Nous avons bu tant de rosée
En échange de notre sang
Que la terre cent fois brûlée
Nous sait bon gré d’être vivant.

Mais entre temps, bien sûr, j’ai utilisé d’autres formes. Mais, à mesure que j’avance en âge, et même très en avant, je me dépouille davantage, en me tenant vraiment à l’essentiel, à l’irréductible. Donc le quatrain. Mais, avec ce retour au quatrain, […]je me relie à une qualité exceptionnelle de la langue française : la concision, la retenue, la condensation, la cristallisation. Bien sûr, le français est capable de foisonnement, de flamboyance à la manière de Bossuet, de Chateaubriand, de Hugo, de Balzac ou de Proust.

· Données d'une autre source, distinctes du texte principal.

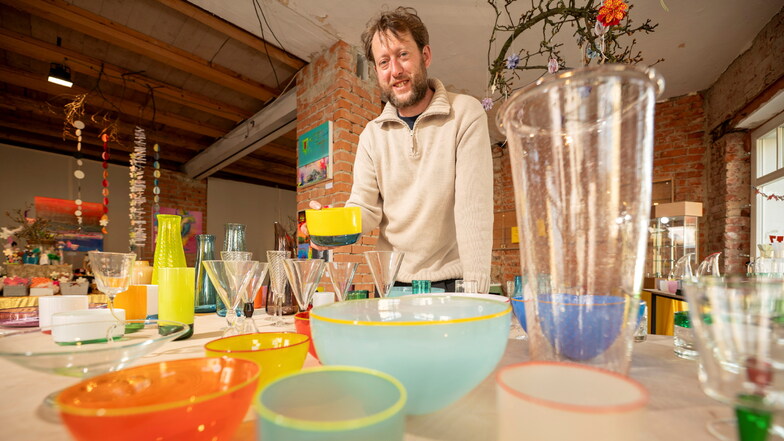 Glaskünstler Torsten Rötzsch zeigt im Pop-up-Laden auf der Dresdner Straße 175 in Brockwitz zusammen mit anderen Künstlern seine Arbeiten: Es gibt Dinge aus Glas, Papier. Textil und Holz sowie Malerei, Möbel und Schmuck.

Mais, parallèlement, depuis Maurice Scève jusqu’à René Char, il y a toute une lignée de poètes diamantaires qui nous ont offert des joyaux que nous connaissons par cœur, qui deviennent notre voix intime et, en même temps, notre bien commun. De Nerval : Je suis le ténébreux, le veuf, l’inconsolé… et tout le quatrain. De Rimbaud : Elle est retrouvée. Quoi ? — L’Éternité… et tout le quatrain. […] »

[Le quatrain] « demande un travail nuit et jour d’émonda[ge], d’épuration […] C’est toute une vie de travail. […] J’ai reçu un livre que vous connaissez peut-être, qui vient de paraître, intitulé Les énigmes de l’histoire de France. Ce livre contient un texte sur Jeanne d’Arc. Et dans ce texte, l’auteur rappelle ce que Jeanne d’Arc a dit au moment du procès, à propos de la voix qu’elle entendait. Textuellement, elle a dit textuellement :

Puis vint cette voix
Environ l’heure de midi
Au temps de l’été
Dans le jardin de mon père.

C’est un quatrain, qui vient du fond du cœur mais qui est le résultat de toute une vie. Un quatrain à la fois simple et sublime. On y entend une des plus belles voix de France.

Puis vint cette voix
Environ l’heure de midi
Au temps de l’été
Dans le jardin de mon père.

Il y a un accent éternel. Tous les français doivent retenir ce quatrain par cœur. C’est un quatrain parfait cinq-sept, cinq-sept.

Jeanne d’Arc, avant d’aller sur le bûcher, a dit cela. »

Parmi les participants à l’émission de François Busnel sur France 5, le 22 février 2018, François Cheng a été celui qui, seul, captait l’attention et conduisait le téléspectateur vers des sphères inouïes, inexplorées. Aux autres auteurs et à celui qui les présentait, relégués dans les rayons d’un supermarché librairisé, François Cheng a parlé et a parlé au public en même temps, pour développer « modestement » sa conception d’un monde matériel et spirituel où l’âme a toute sa place : partout et nulle part comme aurait dit Pascal devant le spectacle de l’univers. 

Les interlocuteurs de Cheng semblaient avoir été sélectionnés pour n’exercer qu’un talent oratoire bien particulier, celui que les hiérarques de la télévision jugent indispensable pour leurs plateaux. Un parler fluide et sans trop d’aspérités incontrôlées. 

Leurs discours sont si clairs, si faciles, si convaincants, que le spectateur fatigué a l’impression de les assimiler naturellement. Ces phrases, elles faisaient partie de lui avant même d’avoir été prononcées. À quoi bon acheter ces livres ? 

En face, au centre, partout, François Cheng. 

Du parler facile du commerce marchand à la confusion des valeurs d’usage et d’échange. Les uns vendent du papier avec des mots imprimés, des primes de fidélité, déprime assurée. L’autre communie avec l’univers et parle à l’âme avec des mots articulés soigneusement, avec une courtoisie exquise, à l’opposé du robinet d’eau tiède alimenté par ses interlocuteurs rassemblés sur un marché du hasard. Toujours sur les marchés où se retrouve le peuple, des saltimbanques disent à qui sait les entendre des vérités essentielles.